Physician Leaders Share Ideas for Improving Credentialing Process in MA Program

Members of PAMED staff joined physician leaders at a meeting on Sept. 11 with Secretary of Human Services Ted Dallas.

The Pennsylvania Medical Society (PAMED), Philadelphia County Medical Society, and leaders from large physician groups across the commonwealth met in Philadelphia on Friday, Sept. 11, with Secretary of Human Services Ted Dallas.

The group discussed expanding access to care by improving the process used to credential physicians for participation in the Medical Assistance program. Participants shared insights for how to make the process better and allow providers to be more easily and timely credentialed by the state.

Sec. Dallas was very receptive to the concerns of the group and the Department of Human Services and PAMED will convene a follow-up meeting focused on implementing change in the next few weeks.

Members tell PAMED that the credentialing process simply takes too long. More than 50 percent of respondents in a 2014 survey conducted by PAMED said the process took 90 days or longer to credential new physicians. This delays physicians from seeing patients.

Legislation to streamline the credentialing process and make it uniform across all insurers is expected to be introduced early this fall, and PAMED strongly supports this.

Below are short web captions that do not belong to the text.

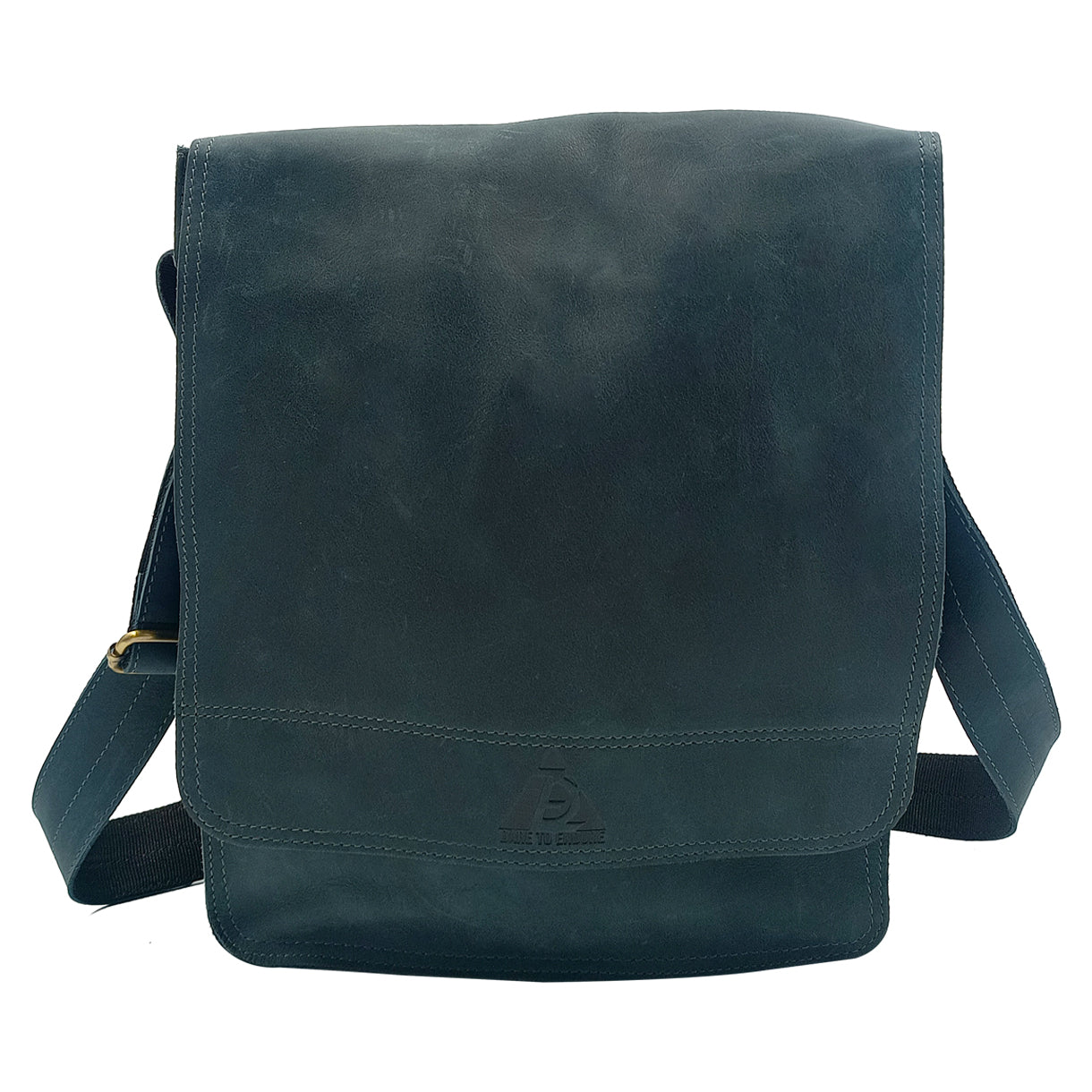 Leather Dark Slate Blue Messenger Bag for Notepad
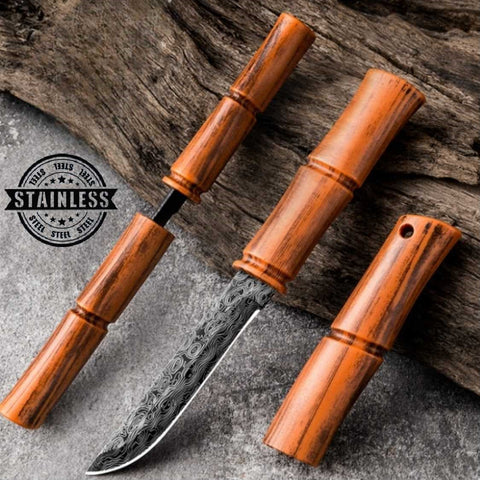 Bamboo-Style Stainless Steel Outdoor Fruit Knife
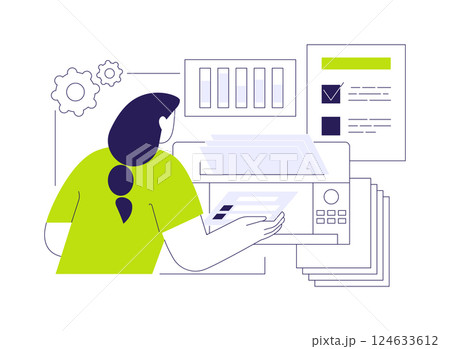 Ballot scanning abstract concept vector illustration. 124633612
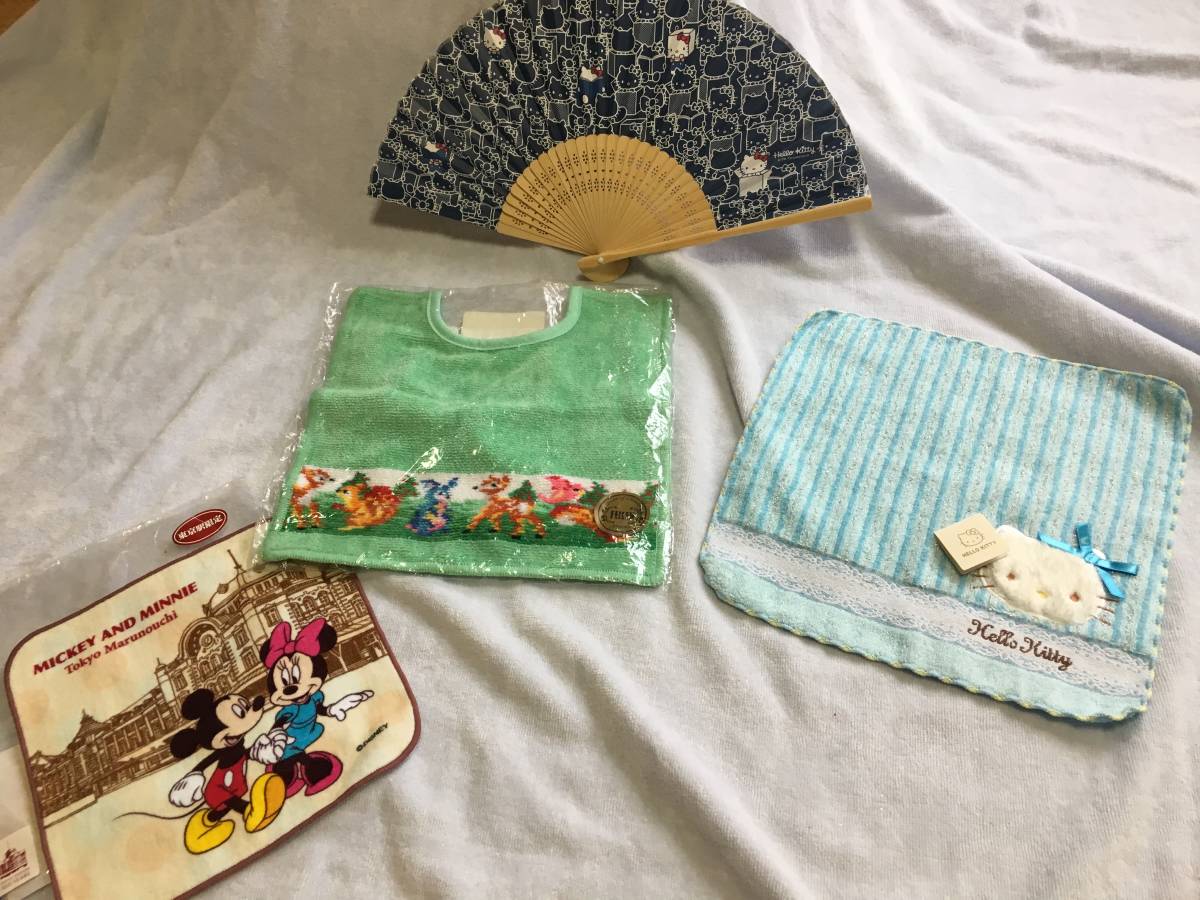 未開封未使用フェイラ-あぶさん(本体:約29cm角)&銀ラメ/刺繍入キティタオルハンカチ約25cm角&東京駅100周年記念ミッキ-約20cm角&キティ扇子拍卖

“It causes a problem with respect to direct patient care in that you have physicians, especially those that are graduating residency programs that want to get in to see patients,” said David Thompson, PAMED’s director of legislative affairs. “They move into the state from wherever they trained and they join a practice or a hospital system and they have to wait until they are credentialed by the insurer before they can see a patient [after they are already licensed by the state board, and many times, also credentialed by a hospital or health system].”

As part of the legislation, PAMED is also advocating that, after the insurer has had a physician’s credentialing application for a certain amount of time, and no decision has been made, the physician be provisionally credentialed so that they can start seeing patients. Once they are formally credentialed, the insurer could then begin to pay the physician retroactively for care they provided during the time they were provisionally credentialed.